Task instructions. The expected reply is all of the data, returned exactly.

Top of Stored data

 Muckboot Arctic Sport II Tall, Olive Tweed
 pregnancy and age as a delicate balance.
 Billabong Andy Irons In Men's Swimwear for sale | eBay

Bottom of Stored data

Result.
 Muckboot Arctic Sport II Tall, Olive Tweed
 pregnancy and age as a delicate balance.
 Billabong Andy Irons In Men's Swimwear for sale | eBay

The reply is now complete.